▶ **DATA RECORDS**:
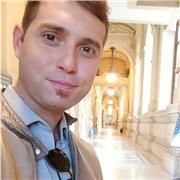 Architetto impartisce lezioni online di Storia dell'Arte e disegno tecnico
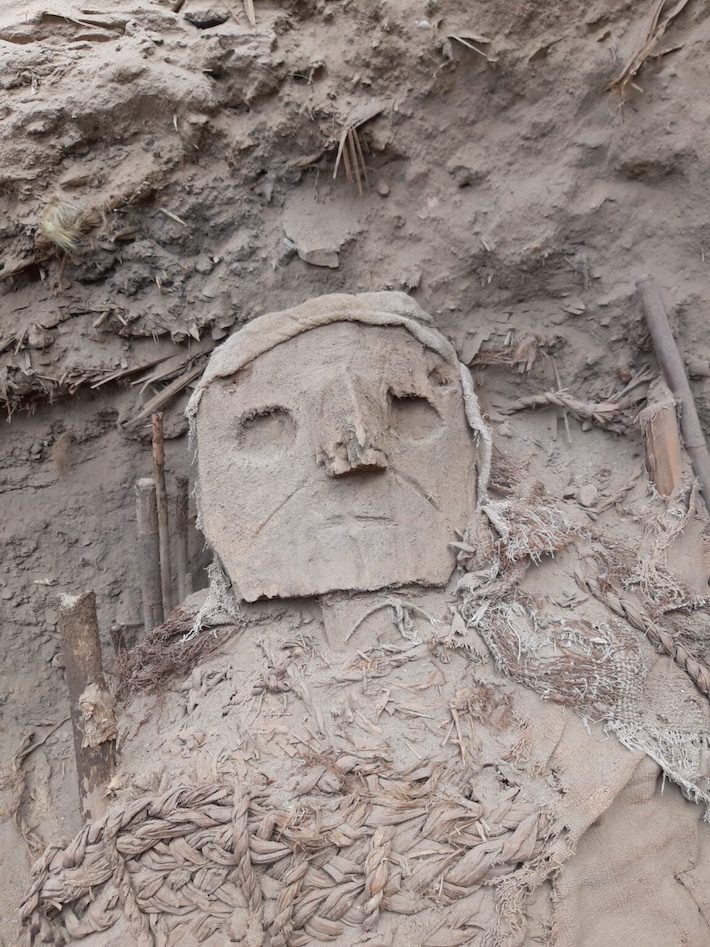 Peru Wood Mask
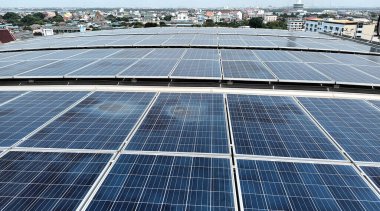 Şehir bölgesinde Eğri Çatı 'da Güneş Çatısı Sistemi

--

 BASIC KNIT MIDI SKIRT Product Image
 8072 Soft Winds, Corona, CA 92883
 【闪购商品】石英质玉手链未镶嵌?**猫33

▶ **WHAT THE EXERCISE ASKS**:
Start at the line above containing "Architetto impartisce lezioni" and stop at the line containing "Şehir bölgesinde Eğri": print those lines and everything between them exactly, but not the pictures.

▶ **WRITTEN RESPONSE**:
 Architetto impartisce lezioni online di Storia dell'Arte e disegno tecnico
 Peru Wood Mask
 Şehir bölgesinde Eğri Çatı 'da Güneş Çatısı Sistemi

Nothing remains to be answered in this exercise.